One of the biggest things I think everyone should be able to do is to self-evaluate. It’s important to humbly set aside our ego to self-reflect and identify mistakes we have made, find where we are falling short and write those things down so that we can come up with a plan of action to overcome these mistakes.
***And make sure they don’t happen again.***
In today’s post, I want to go over a few of the mistakes I have made. Just because I run a podcast called Zero Xcuses doesn’t mean that I don’t have my fair share of mistakes and shortcomings. So, I wanted to show you guys some of the things I have identified as areas that I need to work on. Things that I need to improve.
I would say that the #1 mistake that I have made in 2018 is underestimating the amount of unexpected events that have occurred both in my full-time job and in my personal life. I can go into some detail about how some of these unanticipated events I can definitely take my share of the blame for. There are some very specific lessons that I learned in there, but the bigger picture is that I always have to allow for a margin in every aspect of my life. As I’ve mentioned before I learned from the 10X Rule that I need to overestimate the amount of time that it’s going to take to complete a task. To give you a specific example, I did not leave myself enough margin recording my podcasts ahead of time and arranging for interviews way in advanced. As a result, if you noticed April – May timeframe, I slowed down my releasing of podcast episodes because my bank of prerecorded stuff had ran dry and I did not adequately have enough to account for these unexpected events that happened. So that was a huge learning lesson in 2018. It’s something I am consciously working to avoid again.
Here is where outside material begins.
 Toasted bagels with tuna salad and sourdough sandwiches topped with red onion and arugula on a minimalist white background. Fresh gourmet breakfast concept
The second mistake that I’ve made in 2018 is that I have been afraid to delegate some of the recurring tasks that I find myself doing over and over again. That someone would be happy to do for me. Some of these is both delegating to a fellow coworker and hiring someone to do that work for me. Someone that can do it more efficiently that I can, and this also stems from me not applying enough value on my own time.
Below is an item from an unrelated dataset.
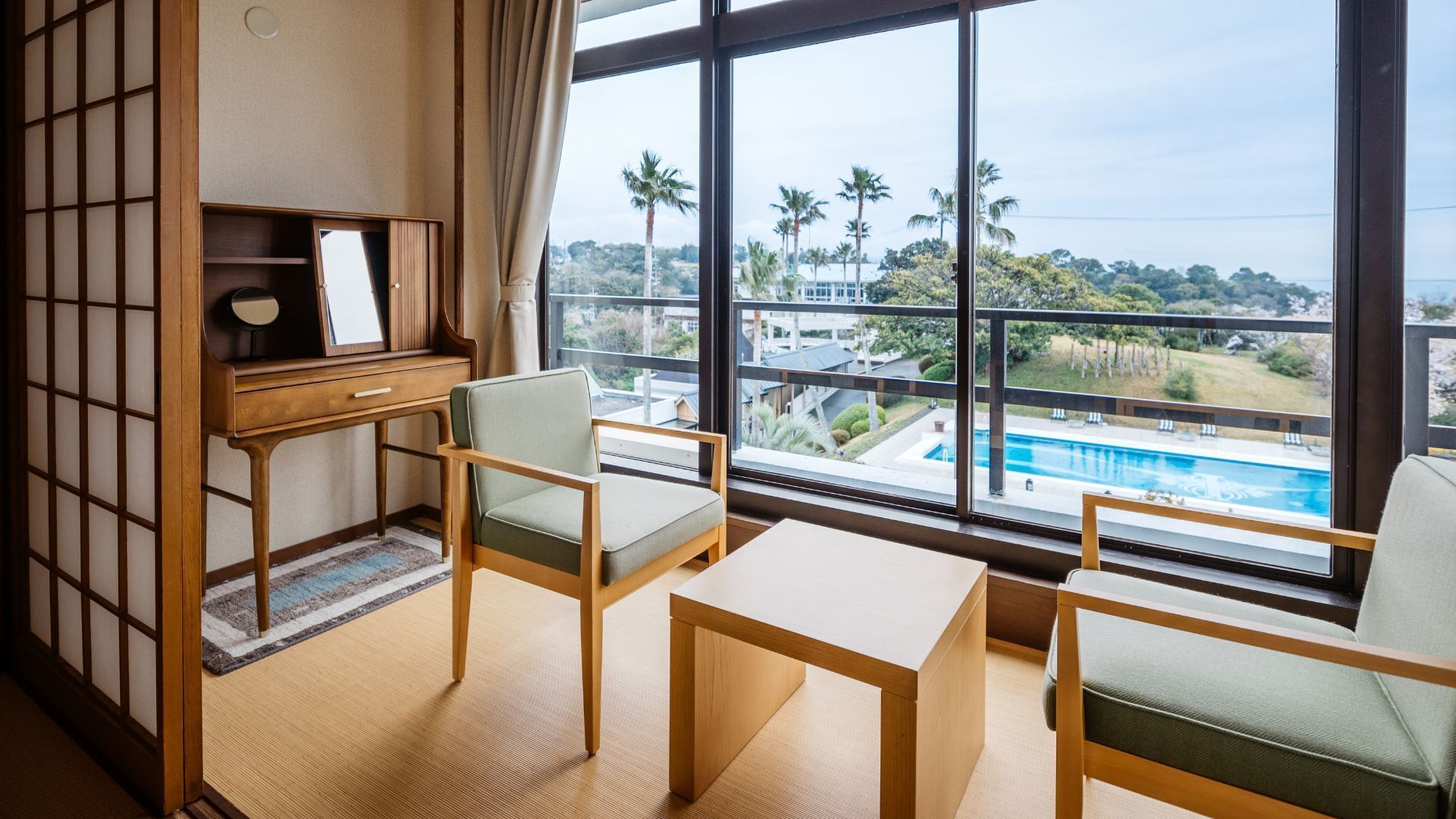 Habitación con vista a una piscina, un escritorio con espejo y dos sillas.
How much is your time worth? Is it worth $10? Is it worth $100? Is it worth $1000 an hour? You really need to put a price on your time and if I can pay someone $5 an hour to do something that takes me 2-3 hours. What’s that worth to me? They probably can do it a lot quicker than I can anyways and do a higher quality job. I was afraid to start delegating and I’ve started doing that in the last couple of months and oh my god, I don’t know what took me so long.
The third biggest mistake that I’ve made in 2018 is that I have under communicated to many people in my life including my wife Jamie and some of my coworkers. Really, I am still trying to find my battle rhythm when it comes to email, when it comes to phone calls and whatnot. I don’t talk to my immediate family as often as I like so this has been a big nut that I have been trying to crack in 2018. Trying to be more efficient in my email communications may be something I need to do combine with the delegation aspect as well.
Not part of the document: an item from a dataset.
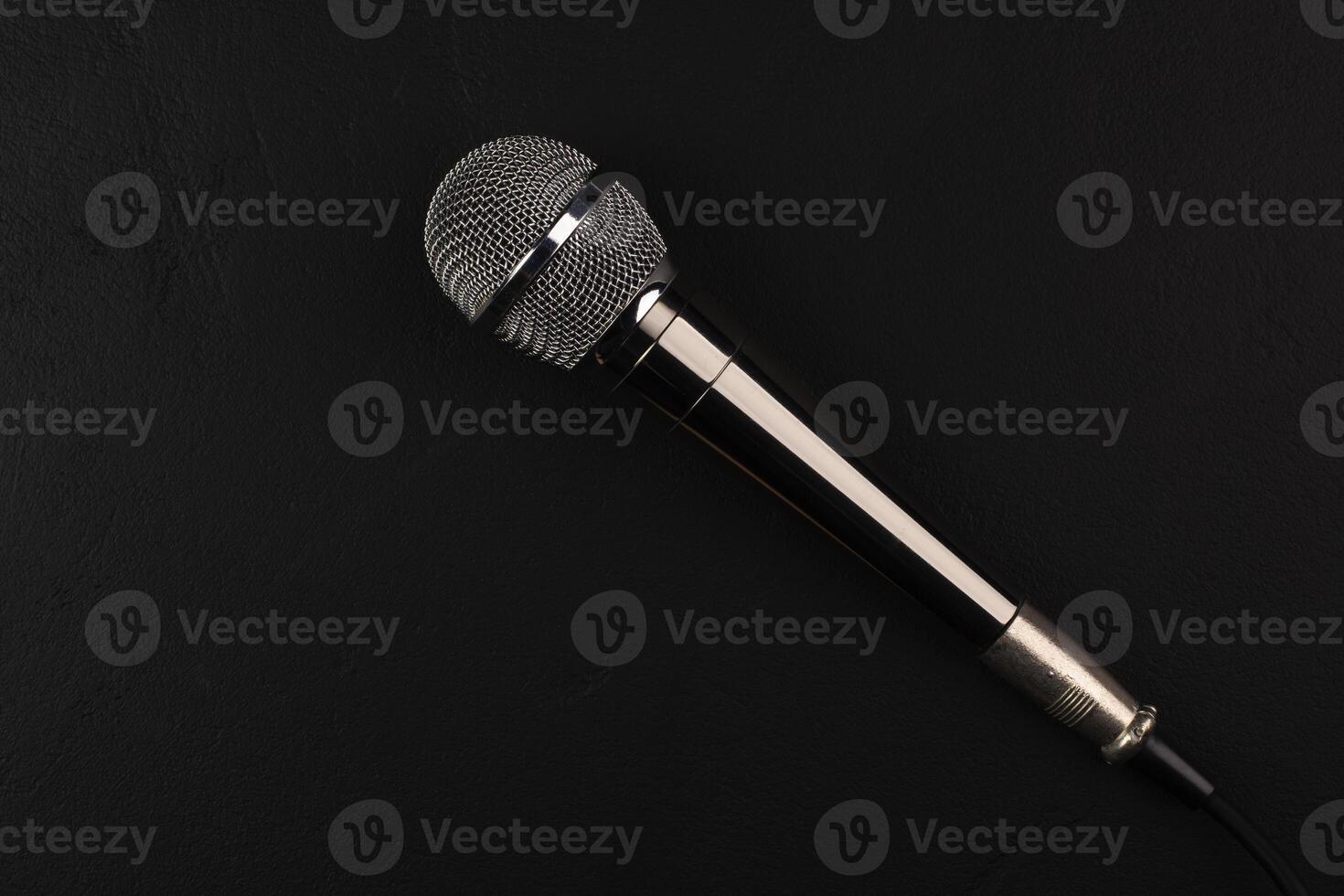 Black and silver microphones in the studio on a black and dark background. Professional recording equipment. Top view. photo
The fourth biggest mistake I have made in 2018 is the fact that I have not systematized and automated many of my business and personal processes I do each and every day. Again, this is something that I’ve turned up the wick on in the last two months and it has been a godsend. It has made my life so much easier by writing down everything I do on a recurrent basis and setting up an algorithm a process, automating things and uncovering these different tools that are available to automate things that I do each and every day that help me get my message out to you guys. Spread the message to more people out there as well.
So, to recap:
1. Underestimating the time I need for my projects.
2. Being afraid to delegate.
3. Dropping the ball in terms of communication.
4. Failing to systematize and automate many of my processes.
I’m curious to discover what you can improve in the remaining weeks of 2018. We are a more than half way through and the first half just blew on by before we knew it. It’s important to take stock of where we have been and where we are going.